We moved into the new house when I was eight and Mum left Dad when I was eleven. If I had to guess, I’d say I was about ten years old when this obsession started. I may have been hairless and prepubescent but I was far from sexless: I was a little creep.
On most evenings, long after I was put to bed and a single lamp lit the entirety of the house, I would sneak to the top of only five stairs that made our house a ‘split level’, crouch down in the dark and spy. I would peek, eyes wide with wonder, from behind the sliding door, to watch my silent parents watch low-volume adult entertainment.
Now, by adult entertainment I don’t mean my parents sat around in shared silence, enveloped in hostility on their separate sofas, watching porn in the lounge-room.

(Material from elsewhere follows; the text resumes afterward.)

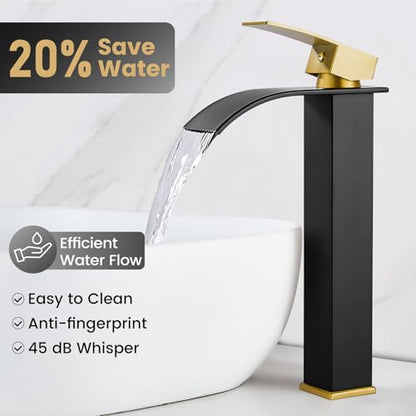 Airuida Vessel Sink Faucet, Black&Gold Tall Waterfall Bathroom Faucet | Single Handle,Tall Bathroom Faucet 1 Hole,Vanity Faucet,without Drain,Bowl Bathroom Faucet - color: Matte Black&Brushed Gold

By ‘adult entertainment’ I mean movies aimed at grown ups, broadcast on TV, not meant for my only just fully formed eyes (apparently this happens at age seven, who knew?).
In the post-bed p.m., from my nervous perch, the stakes were high. These were secret nocturnal viewings and I enjoyed the thrill of watching a movie I wasn’t allowed to; the buzz of staying up way past my bedtime to watch TV was sordid in itself. But I had no interest in risking parental punishment to watch violent movies or those filled with high drama – it was all about the moaning, the pashing and the pumping: I was there for the sex.

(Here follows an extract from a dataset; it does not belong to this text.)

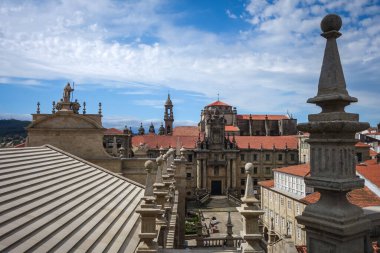 Santiago de Compostela Katedrali, Galiçya, İspanya. Çatıdan bak.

Movies broadcast on TV were still a scheduled viewing event at this time and as the technological advancement of a remote control hadn’t yet made it to my house, there was no channel surfing either. So, after a few minutes, I could judge whether staying up was worth my while – whether the potential titillation would outweigh the potential anxiety attack or grounding. Likewise, from the permitted comfort of my bedroom, I would press my ear up against the wall and if I could even faintly hear the potential for saxophone on the soundtrack, I would swiftly and stealthily leap from my covers to the stairs. After all, this was an era when sax was sexy and apparently my seductive siren song.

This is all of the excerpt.